You'll alternately fight in the American, British and Russian armies, each experience complete with fanatically historic weaponry and badly accented English. You'll regularly attempt heroic assaults against impossible odds, fighting uncannily smart enemies who effectively shoot from cover, retreat and unnervingly call out your position. (Sprechen Sie Deutsch?) Many fights throughout the game require both skill and luck to pull you through; treacherous artillery fire will often force you to break cover and sprint directly into the teeth of the enemy or into bunkers brimming with bad guys. Pre-scripted moments, in which you're guided into a certain area to witness a carefully choreographed event, are common, but you never relinquish control of your character. Rather, you'll often find yourself up to your neck in 360 degrees worth of action.

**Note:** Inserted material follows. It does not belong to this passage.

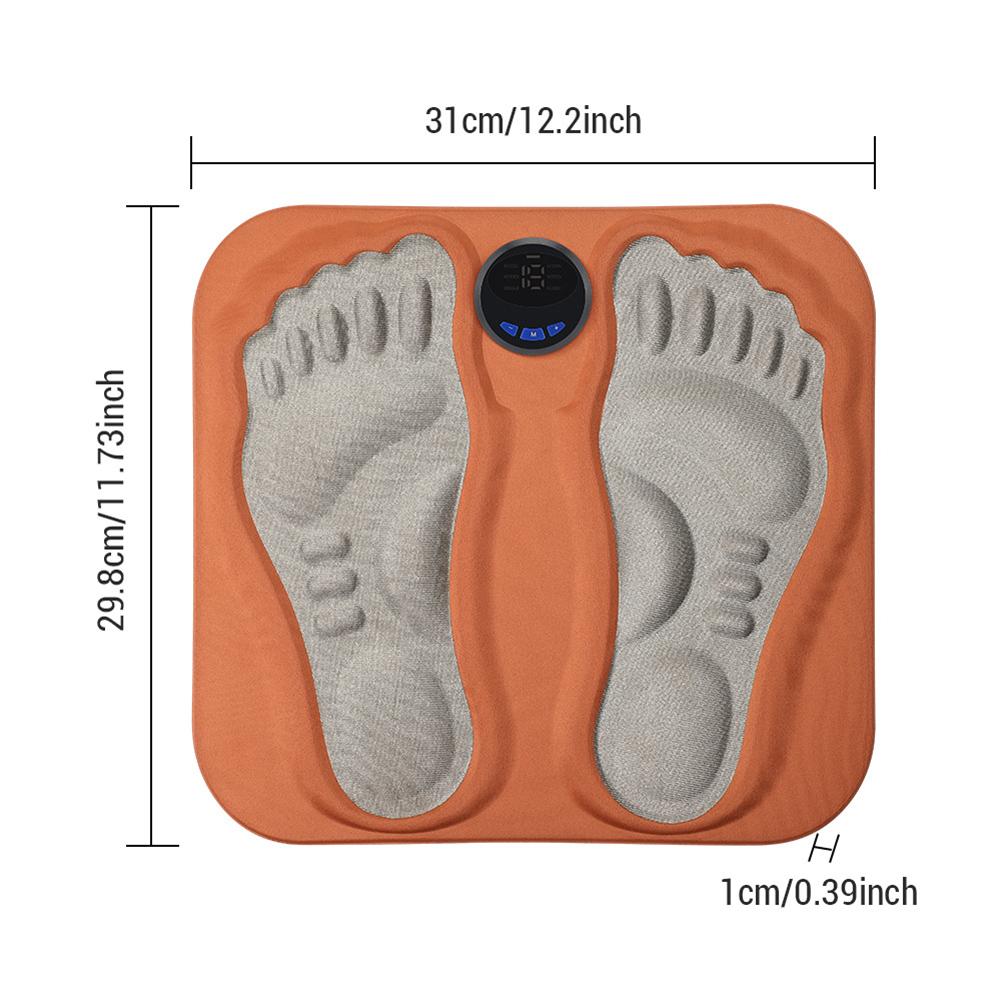 3D Smart Feet Massage Pad,6 Mode 15 Levels Ems-Foot Massager Circulation Boosters,For Tired Feet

CoD2's recipe for immersion starts with an ultra-realistic visual setting, but the biggest part of what made the game a standout is the excellent audio. Engrossing sound effects, superb voice acting and a powerful musical score combine for a grand achievement in game audio. Every weapon has been painstakingly modeled and sounds historically accurate. You'll eventually learn to tell friend from foe by weapon report alone.
Call of Duty 2's most subtle ingredients are its amazing weather effects. You'll chase Nazis through pouring rain across bombed out cityscapes in Caen, France, inch across deadly snow-covered trenches on the Russian Front and hunt down Rommel in North Africa's scorching heat. This realistic weather sets the stage both visually and sonically, transporting you to another time and place.
The health system also adds to the immersion ... to a point. As you take damage in the game, your vision fades and you start to breathe heavily. Finding cover and staying put for a few seconds regenerates your health fully (similar to Halo). This allows you to fight on without having to search distractedly for health packs or med-kits. Though it does keep the pace humming along, that superhuman ability feels out of place and distracting in an otherwise hyper-realistic WWII-era shooter. It also gives multiplayer matches an unusual feel, though increased weapon power in multiplayer balances the regeneration system somewhat.
Still, the best of the CoD franchise awaits veterans of the series in multiplayer, with deathmatch, and objective-based game types. The popular "Headquarters" mode returns, a defend-the-base scenario with frequent respawns so you're never out of the battle for long. Thirteen maps have been added to multiplayer, along with new weapons for each faction to keep things fresh. This multiplayer component caps an already stunning single-player campaign and extends the value greatly. If you can't get enough of WWII, Call of Duty 2 is the hot ticket.